*Description of the task*. The required output is all lines below that contain the word "sunglass".

Extracted records:
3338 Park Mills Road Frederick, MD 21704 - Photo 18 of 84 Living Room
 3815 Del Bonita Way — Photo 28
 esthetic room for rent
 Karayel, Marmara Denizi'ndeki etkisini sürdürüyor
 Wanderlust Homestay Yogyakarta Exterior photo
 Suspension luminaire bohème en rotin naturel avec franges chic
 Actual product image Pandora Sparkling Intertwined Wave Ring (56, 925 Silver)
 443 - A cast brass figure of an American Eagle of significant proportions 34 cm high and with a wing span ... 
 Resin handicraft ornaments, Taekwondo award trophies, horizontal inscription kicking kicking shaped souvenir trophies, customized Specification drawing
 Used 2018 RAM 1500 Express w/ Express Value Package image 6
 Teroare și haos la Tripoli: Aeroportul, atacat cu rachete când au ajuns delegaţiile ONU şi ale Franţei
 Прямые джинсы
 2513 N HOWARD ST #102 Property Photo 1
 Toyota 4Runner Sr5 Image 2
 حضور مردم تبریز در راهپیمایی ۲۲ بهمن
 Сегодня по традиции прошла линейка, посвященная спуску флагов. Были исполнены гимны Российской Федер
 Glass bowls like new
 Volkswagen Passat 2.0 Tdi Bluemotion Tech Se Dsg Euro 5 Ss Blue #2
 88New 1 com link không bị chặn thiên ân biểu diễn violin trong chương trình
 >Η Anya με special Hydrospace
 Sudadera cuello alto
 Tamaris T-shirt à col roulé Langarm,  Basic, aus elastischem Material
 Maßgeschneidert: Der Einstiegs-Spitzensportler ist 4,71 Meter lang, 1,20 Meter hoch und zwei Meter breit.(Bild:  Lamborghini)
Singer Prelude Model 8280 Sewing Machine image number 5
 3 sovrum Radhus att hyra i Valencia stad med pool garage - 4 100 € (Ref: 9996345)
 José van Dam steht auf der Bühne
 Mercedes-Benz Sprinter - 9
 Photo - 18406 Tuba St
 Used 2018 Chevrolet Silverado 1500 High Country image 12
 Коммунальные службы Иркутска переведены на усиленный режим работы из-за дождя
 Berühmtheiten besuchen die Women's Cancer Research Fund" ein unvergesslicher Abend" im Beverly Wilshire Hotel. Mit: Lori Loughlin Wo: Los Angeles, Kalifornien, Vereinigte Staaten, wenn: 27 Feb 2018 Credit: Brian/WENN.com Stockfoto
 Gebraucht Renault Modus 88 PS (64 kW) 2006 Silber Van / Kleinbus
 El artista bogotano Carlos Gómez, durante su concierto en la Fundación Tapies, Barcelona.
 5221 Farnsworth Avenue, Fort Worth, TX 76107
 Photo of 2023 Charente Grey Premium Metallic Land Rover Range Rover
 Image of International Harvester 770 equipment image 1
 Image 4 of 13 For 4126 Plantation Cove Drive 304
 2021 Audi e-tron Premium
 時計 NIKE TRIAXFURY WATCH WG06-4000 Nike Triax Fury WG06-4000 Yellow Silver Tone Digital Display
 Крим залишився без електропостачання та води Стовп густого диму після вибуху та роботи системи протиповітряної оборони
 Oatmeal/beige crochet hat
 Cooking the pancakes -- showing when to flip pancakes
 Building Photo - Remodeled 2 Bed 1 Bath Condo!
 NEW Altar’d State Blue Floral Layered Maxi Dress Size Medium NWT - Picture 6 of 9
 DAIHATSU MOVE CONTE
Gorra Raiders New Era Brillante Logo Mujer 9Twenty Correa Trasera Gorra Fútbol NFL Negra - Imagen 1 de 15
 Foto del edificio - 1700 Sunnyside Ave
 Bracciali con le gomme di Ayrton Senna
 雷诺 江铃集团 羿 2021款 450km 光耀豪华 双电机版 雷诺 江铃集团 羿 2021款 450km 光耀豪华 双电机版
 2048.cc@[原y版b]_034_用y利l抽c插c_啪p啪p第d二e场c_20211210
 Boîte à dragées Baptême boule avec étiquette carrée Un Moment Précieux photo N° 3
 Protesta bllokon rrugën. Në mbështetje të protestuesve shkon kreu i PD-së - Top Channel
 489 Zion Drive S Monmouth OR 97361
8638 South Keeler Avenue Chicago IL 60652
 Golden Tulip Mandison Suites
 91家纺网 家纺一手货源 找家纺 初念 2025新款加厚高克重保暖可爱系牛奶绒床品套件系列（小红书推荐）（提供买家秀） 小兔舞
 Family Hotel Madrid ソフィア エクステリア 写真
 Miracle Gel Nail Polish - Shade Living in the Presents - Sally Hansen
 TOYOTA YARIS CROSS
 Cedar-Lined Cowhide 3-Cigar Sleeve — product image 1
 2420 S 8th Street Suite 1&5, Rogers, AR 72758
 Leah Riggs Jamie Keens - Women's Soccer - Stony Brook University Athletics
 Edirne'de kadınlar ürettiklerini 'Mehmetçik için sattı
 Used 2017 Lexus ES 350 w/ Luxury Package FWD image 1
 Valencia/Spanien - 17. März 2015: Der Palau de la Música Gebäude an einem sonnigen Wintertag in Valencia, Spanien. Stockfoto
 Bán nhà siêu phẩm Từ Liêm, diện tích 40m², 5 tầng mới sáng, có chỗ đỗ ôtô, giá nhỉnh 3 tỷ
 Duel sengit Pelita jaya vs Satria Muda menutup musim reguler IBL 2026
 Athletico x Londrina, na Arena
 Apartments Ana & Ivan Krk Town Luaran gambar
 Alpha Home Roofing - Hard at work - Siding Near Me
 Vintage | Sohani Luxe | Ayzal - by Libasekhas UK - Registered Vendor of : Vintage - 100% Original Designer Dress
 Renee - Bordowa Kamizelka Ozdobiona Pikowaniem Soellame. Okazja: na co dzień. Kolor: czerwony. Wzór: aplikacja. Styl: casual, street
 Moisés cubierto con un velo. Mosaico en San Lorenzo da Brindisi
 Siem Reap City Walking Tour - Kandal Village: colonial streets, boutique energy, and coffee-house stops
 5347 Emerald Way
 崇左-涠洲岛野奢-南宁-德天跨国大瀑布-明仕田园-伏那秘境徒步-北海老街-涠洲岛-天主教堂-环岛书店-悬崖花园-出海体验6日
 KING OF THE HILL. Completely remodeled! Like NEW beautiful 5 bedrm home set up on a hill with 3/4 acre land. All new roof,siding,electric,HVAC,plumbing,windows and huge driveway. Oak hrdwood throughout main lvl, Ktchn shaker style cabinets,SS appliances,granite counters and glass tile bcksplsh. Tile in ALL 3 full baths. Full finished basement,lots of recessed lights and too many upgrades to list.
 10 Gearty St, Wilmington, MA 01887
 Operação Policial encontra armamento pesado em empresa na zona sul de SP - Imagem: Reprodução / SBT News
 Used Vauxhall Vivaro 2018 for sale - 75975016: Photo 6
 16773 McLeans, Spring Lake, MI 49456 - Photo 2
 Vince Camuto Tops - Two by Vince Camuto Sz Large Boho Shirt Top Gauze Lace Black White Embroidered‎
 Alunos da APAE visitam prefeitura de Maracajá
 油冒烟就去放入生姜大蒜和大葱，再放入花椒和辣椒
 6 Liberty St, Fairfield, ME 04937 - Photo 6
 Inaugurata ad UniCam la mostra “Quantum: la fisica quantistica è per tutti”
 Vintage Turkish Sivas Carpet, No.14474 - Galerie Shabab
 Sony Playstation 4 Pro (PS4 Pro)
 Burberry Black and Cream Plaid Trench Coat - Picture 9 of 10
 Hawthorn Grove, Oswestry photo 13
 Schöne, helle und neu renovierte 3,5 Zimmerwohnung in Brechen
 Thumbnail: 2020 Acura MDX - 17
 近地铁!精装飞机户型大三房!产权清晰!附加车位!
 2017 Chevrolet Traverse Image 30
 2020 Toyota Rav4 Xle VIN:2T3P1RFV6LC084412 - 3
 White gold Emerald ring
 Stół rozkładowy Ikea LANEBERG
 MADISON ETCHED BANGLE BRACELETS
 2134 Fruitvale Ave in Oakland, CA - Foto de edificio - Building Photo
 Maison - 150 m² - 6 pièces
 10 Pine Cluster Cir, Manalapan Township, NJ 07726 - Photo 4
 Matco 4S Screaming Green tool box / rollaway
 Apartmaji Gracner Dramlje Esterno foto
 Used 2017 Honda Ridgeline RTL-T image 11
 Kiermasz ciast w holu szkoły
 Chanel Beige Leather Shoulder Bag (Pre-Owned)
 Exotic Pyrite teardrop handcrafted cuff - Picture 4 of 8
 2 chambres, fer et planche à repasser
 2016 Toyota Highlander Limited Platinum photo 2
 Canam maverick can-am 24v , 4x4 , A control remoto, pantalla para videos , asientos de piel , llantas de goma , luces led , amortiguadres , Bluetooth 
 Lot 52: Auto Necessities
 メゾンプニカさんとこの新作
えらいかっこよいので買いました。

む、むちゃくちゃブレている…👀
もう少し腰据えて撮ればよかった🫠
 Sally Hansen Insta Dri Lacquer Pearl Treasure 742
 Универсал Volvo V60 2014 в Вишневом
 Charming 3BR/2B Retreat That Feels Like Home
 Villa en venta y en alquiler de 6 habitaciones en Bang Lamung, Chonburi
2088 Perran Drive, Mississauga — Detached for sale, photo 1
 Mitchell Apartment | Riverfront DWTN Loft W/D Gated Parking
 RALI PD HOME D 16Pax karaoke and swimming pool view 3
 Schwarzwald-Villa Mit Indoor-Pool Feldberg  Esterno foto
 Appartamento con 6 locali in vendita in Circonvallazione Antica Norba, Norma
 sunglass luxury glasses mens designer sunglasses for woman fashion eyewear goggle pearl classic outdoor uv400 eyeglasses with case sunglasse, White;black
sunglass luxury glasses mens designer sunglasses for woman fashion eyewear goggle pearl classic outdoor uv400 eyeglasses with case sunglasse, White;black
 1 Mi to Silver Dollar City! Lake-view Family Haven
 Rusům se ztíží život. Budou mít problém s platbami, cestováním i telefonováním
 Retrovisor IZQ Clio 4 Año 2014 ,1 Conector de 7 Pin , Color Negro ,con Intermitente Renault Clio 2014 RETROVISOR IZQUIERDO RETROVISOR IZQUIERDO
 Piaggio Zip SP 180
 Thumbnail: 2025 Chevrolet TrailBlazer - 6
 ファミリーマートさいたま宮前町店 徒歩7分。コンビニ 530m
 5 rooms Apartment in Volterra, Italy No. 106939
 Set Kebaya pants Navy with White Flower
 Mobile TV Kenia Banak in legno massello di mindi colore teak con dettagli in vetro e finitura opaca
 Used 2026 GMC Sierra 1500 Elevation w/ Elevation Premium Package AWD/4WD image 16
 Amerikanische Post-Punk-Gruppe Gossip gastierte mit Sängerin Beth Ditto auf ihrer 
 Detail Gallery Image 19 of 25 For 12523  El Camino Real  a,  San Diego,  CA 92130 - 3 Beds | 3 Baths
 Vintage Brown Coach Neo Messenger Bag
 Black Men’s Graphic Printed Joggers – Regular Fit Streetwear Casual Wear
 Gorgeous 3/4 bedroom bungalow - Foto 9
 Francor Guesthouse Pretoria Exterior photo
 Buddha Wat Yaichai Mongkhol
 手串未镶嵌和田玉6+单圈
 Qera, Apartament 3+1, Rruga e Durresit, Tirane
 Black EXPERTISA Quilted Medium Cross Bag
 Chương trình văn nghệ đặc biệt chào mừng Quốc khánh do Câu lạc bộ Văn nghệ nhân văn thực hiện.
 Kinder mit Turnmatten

*Reply to the exercise*.
 sunglass luxury glasses mens designer sunglasses for woman fashion eyewear goggle pearl classic outdoor uv400 eyeglasses with case sunglasse, White;black
sunglass luxury glasses mens designer sunglasses for woman fashion eyewear goggle pearl classic outdoor uv400 eyeglasses with case sunglasse, White;black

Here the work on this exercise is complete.